WHAT YOU SHOULD DO — I need the lines below from the one with "In Geneva, U.S." down to the one with "Website under construction" reproduced exactly, both ends included, and nothing else.

EXERCISE DATA —
********************

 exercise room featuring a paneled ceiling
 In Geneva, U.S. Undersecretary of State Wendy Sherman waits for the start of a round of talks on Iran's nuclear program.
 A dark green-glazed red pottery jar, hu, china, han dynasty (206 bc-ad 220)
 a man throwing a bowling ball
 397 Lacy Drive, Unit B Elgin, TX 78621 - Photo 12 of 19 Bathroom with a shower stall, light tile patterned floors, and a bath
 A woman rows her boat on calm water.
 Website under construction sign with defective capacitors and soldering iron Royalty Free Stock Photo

********************

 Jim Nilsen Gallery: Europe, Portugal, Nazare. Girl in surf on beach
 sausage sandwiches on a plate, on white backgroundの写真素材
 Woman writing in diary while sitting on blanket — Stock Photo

********************

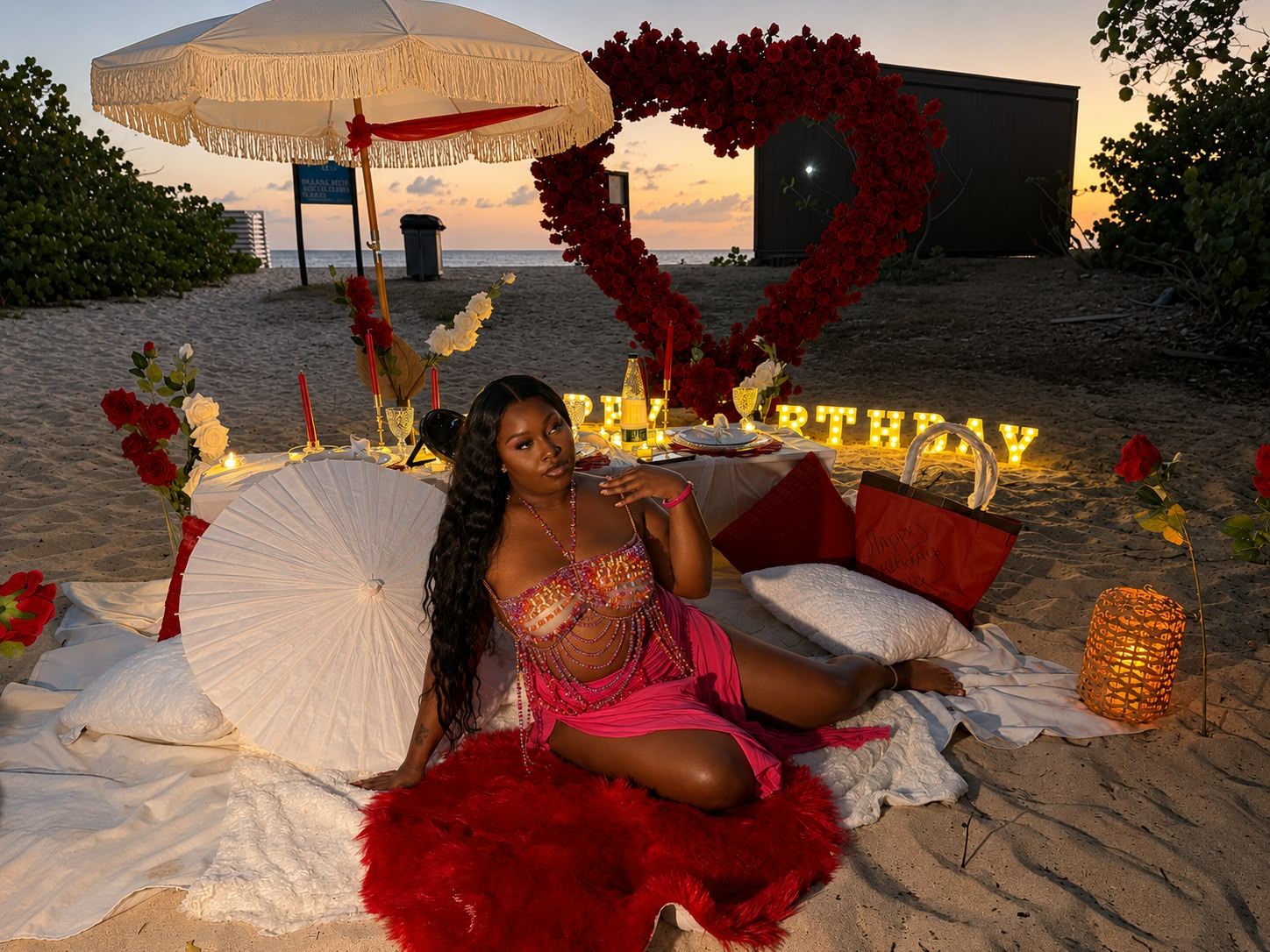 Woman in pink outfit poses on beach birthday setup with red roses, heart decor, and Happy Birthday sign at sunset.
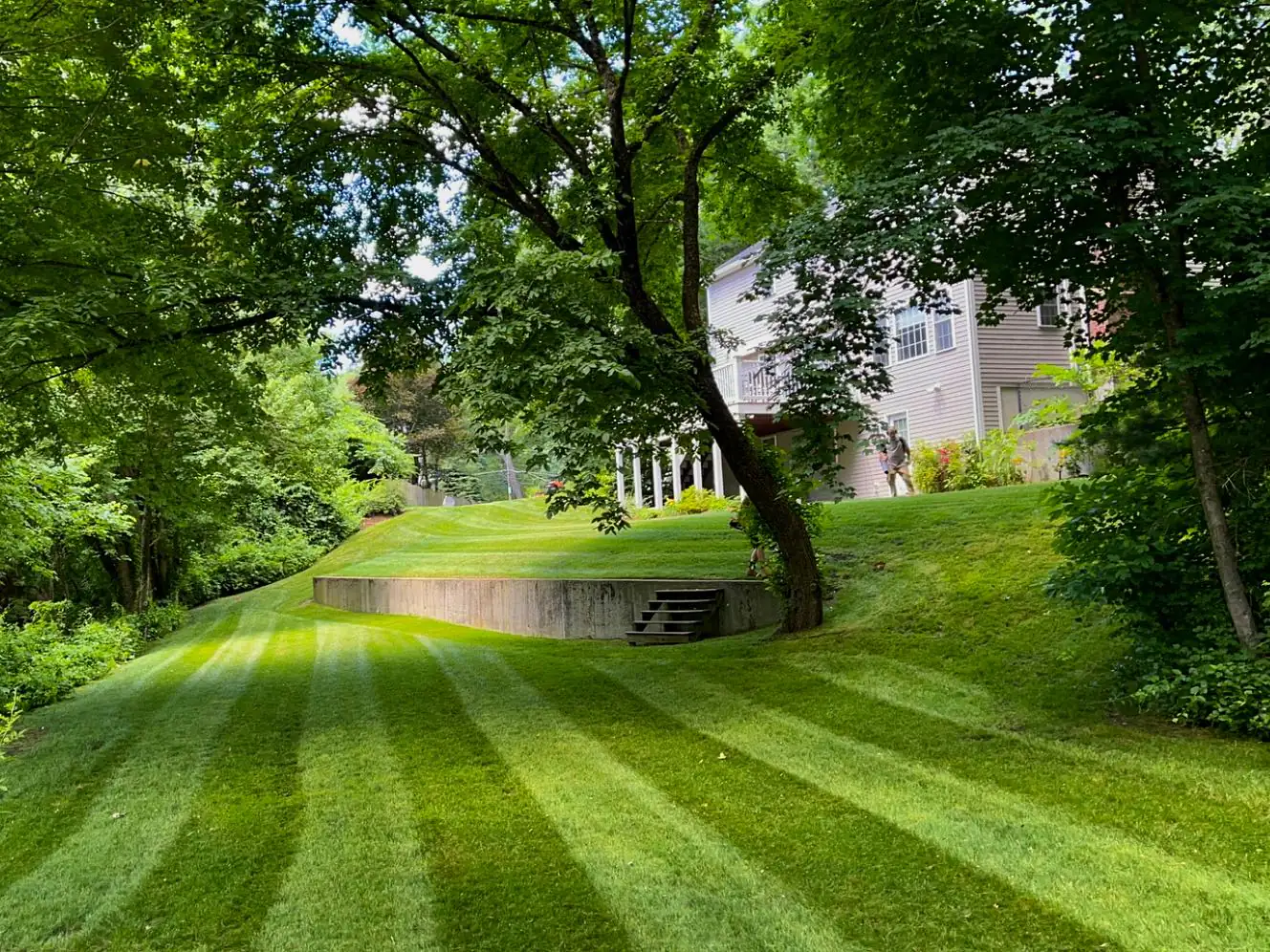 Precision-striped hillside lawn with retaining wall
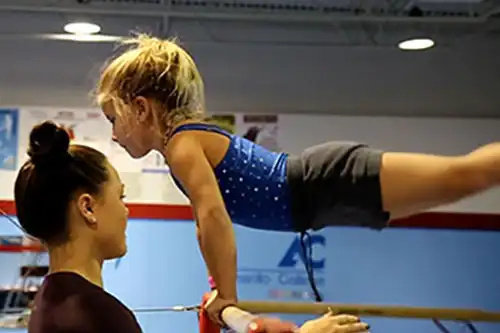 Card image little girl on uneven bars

********************

OUTPUT FOR THIS EXERCISE —
 In Geneva, U.S. Undersecretary of State Wendy Sherman waits for the start of a round of talks on Iran's nuclear program.
 A dark green-glazed red pottery jar, hu, china, han dynasty (206 bc-ad 220)
 a man throwing a bowling ball
 397 Lacy Drive, Unit B Elgin, TX 78621 - Photo 12 of 19 Bathroom with a shower stall, light tile patterned floors, and a bath
 A woman rows her boat on calm water.
 Website under construction sign with defective capacitors and soldering iron Royalty Free Stock Photo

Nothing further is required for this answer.